Tarsus turned from the specter of
Cecily, placing a hand on the rampart and looking out onto a sea of
clouds. What had been a patchwork of
white and blue only a moment ago had now been filled in with more solid, grey
rainclouds; and with that turn of the weather, the city of Malthanon had
disappeared.
Tarsus knew that Cecily’s shade was
right. What’s more, she and Finnian knew
that he knew that she was right. They
were pieces of him, and not one of them could now know something without all
three of them knowing it. As a
resounding acknowledgement of that truth, Tarsus turned back to Finnian’s
waiting eyes, and the hope that he had always seen there; the cavalier spirit
that always made him feel that anything was possible; was replaced by the cold
severity of Cecily’s warning.
“It
is hopeless,” the emotionless voice of Cecily decreed: a judgment,
sentencing the three of them to this simple, static, unbending truth.
And then the phantom Finnian cocked
his head to one side, and what he said without speaking, was clear. And that severity in his eyes; Cecily’s
severity, wasn’t there any longer.
Tarsus smiled.
“We’ve been told that before,”
Tarsus said. “Told we’d never find the
UnderIsle. Told we were not worthy to
recover Malthir. Doomed to die with the
GodKing in a plot hatched by elder forces, far and away much greater than ourselves. Perfect forces that are infallible…or so we
were told.”
Tarsus turned back to Cecily. The pale lady’s severity was softened by
raised eyebrows of understanding. She
knew where he was headed.
“We were only mortals then,” he
punctuated. “Not now. Now, we’re…”
“You,”
the phantom Cecily clarified.
“Me,” Tarsus reluctantly
agreed. “With the both of you as a part
of me. I am a god now. Gifted with the power the do the impossible.”
Tarsus looked back at Finnian. His friend’s illumined face shone brighter
for the wide smile it wore.
“We can serve this realm as GodKing…for
now. While we search for the source of
this power. And once we find it, we’ll
rid Arden of it entirely,” Tarsus proclaimed.

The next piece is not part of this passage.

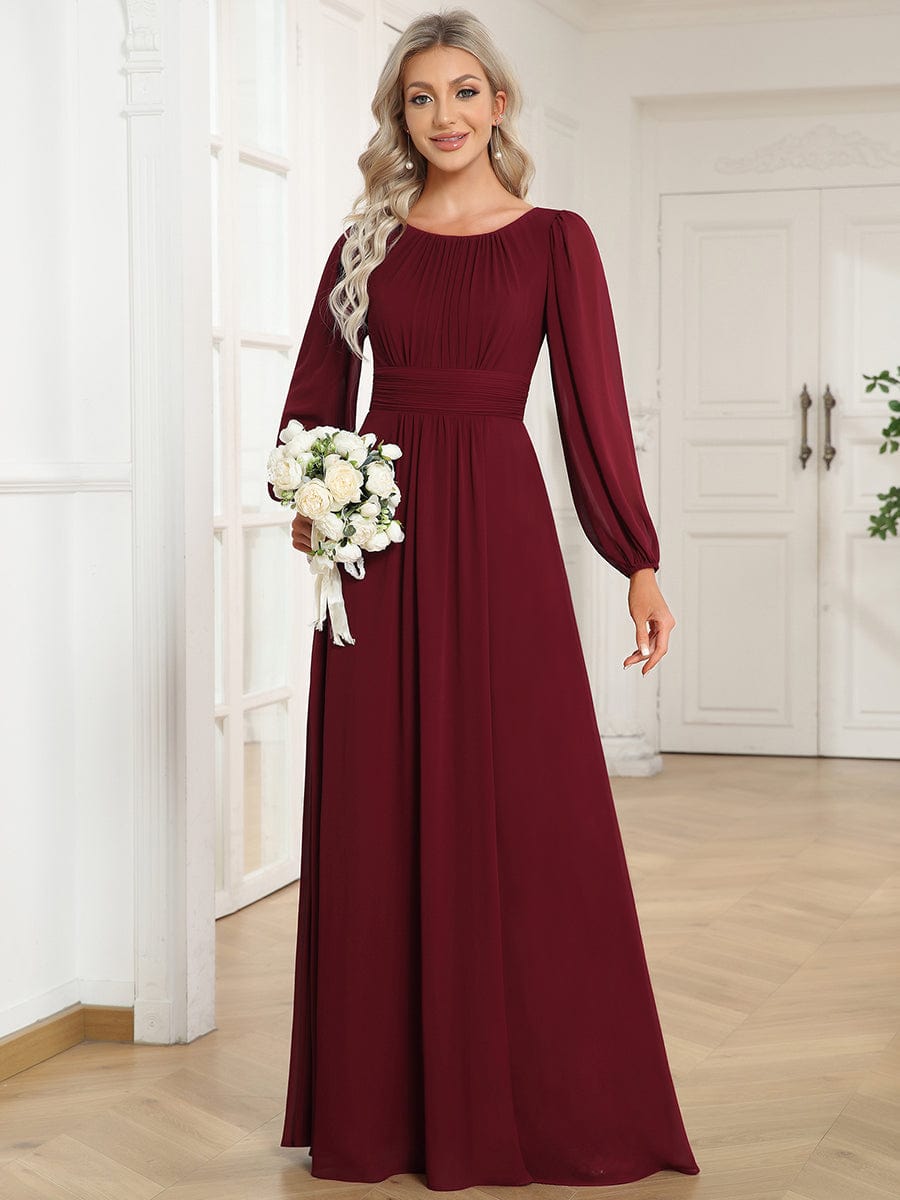 Chiffon High Empire Waist Puff Sleeve Bridesmaid Dress #color_Burgundy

“For no man or woman should live in slavery. We will free them, and ourselves, from
bondage of the elder forces. Even if
those forces think our quest hopeless…especially because they believe it is
hopeless. We have proven them wrong
before, and we can do so again.”
For the first time since they
manifested, neither phantom had anything to say. They both seemed at a loss for words. In fact, they were – Tarsus knew that. So it fell to him…
“There is always hope!”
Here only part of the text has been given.